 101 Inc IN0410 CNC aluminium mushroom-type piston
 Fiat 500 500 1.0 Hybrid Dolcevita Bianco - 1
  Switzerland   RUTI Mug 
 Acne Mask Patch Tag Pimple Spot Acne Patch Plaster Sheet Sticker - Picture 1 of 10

...

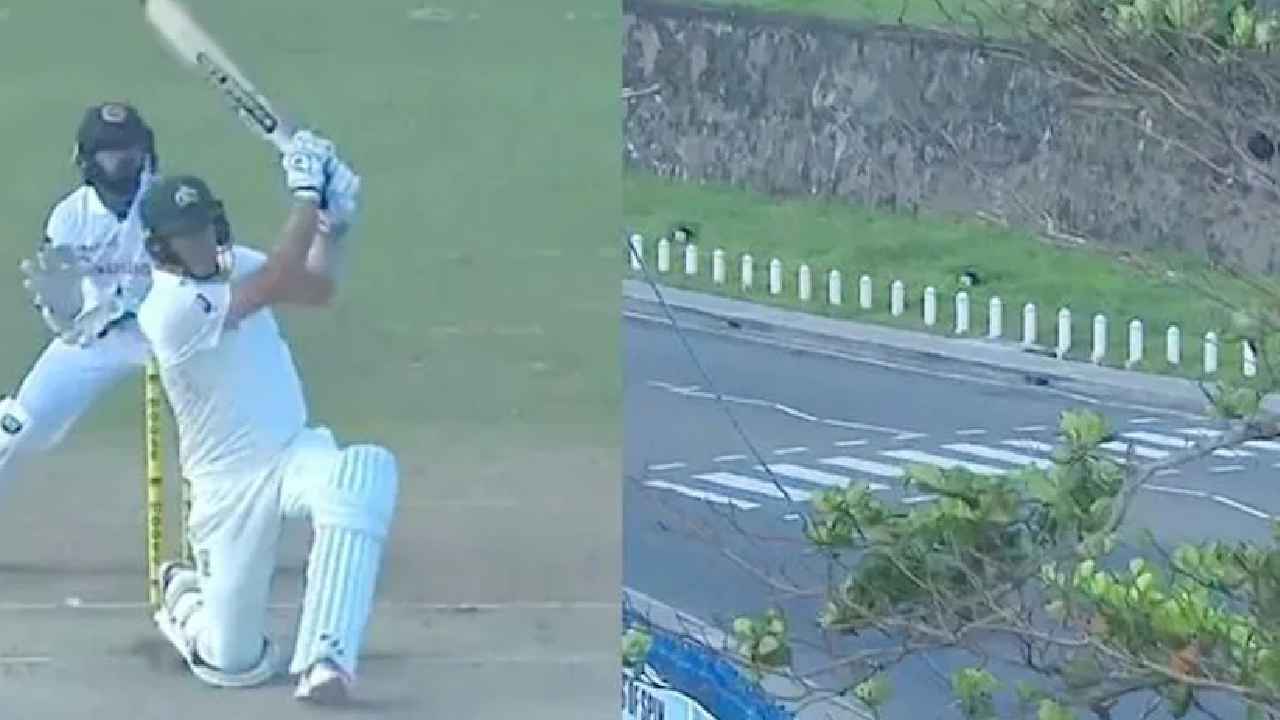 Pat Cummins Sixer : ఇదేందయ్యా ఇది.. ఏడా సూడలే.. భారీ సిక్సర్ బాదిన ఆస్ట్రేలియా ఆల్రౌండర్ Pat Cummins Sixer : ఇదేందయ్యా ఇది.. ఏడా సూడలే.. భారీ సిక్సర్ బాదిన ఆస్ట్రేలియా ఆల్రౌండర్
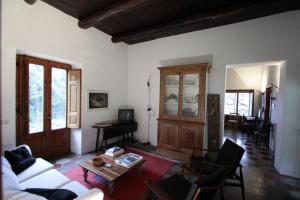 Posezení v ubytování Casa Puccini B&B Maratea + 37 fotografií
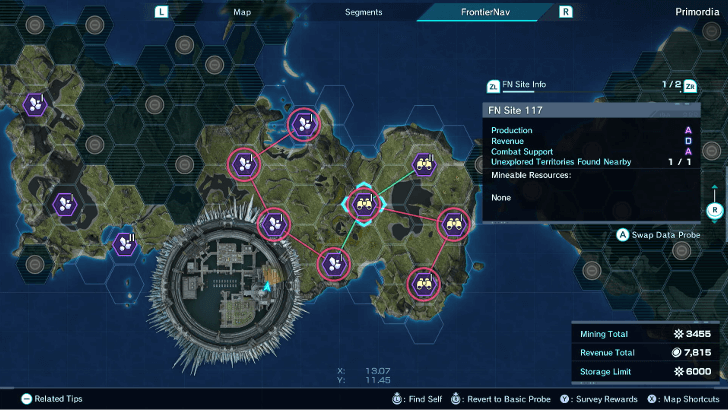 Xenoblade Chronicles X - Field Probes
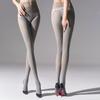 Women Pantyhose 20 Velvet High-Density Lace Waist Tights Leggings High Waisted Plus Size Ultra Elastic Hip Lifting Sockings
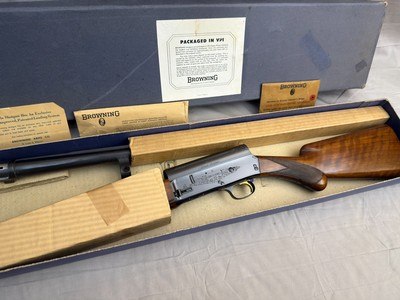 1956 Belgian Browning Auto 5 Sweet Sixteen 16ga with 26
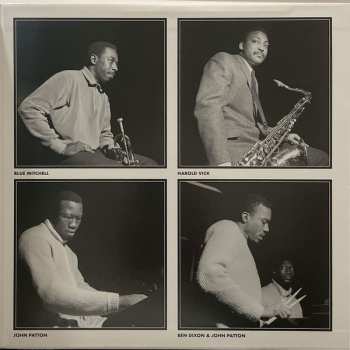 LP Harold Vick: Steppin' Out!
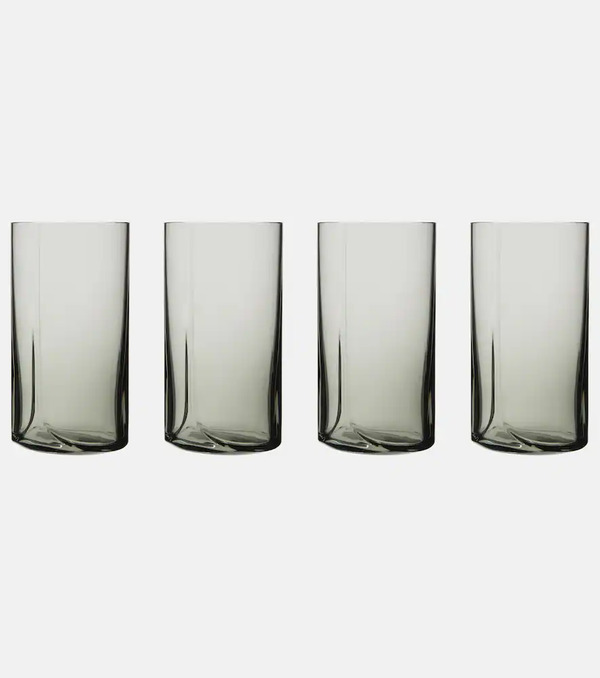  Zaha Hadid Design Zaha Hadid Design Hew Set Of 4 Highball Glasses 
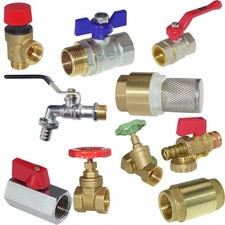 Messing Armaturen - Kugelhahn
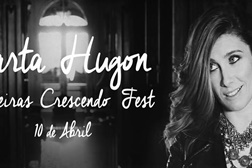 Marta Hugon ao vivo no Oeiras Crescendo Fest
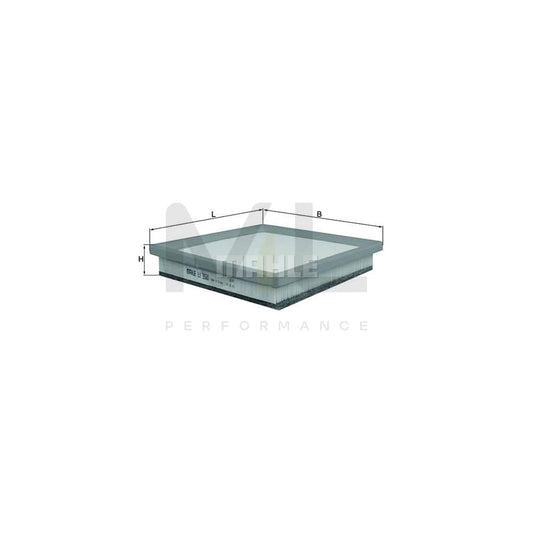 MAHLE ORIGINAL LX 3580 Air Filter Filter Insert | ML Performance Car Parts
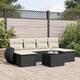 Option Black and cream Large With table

● **Task**: With pictures excluded, reproduce exactly the lines above from the one containing "ఆస్ట్రేలియా ఆల్రౌండర్ Pat" down to the one containing "Xenoblade Chronicles X - Field Probes", those two included.

● **Written response**:
 Pat Cummins Sixer : ఇదేందయ్యా ఇది.. ఏడా సూడలే.. భారీ సిక్సర్ బాదిన ఆస్ట్రేలియా ఆల్రౌండర్ Pat Cummins Sixer : ఇదేందయ్యా ఇది.. ఏడా సూడలే.. భారీ సిక్సర్ బాదిన ఆస్ట్రేలియా ఆల్రౌండర్
 Posezení v ubytování Casa Puccini B&B Maratea + 37 fotografií
 Xenoblade Chronicles X - Field Probes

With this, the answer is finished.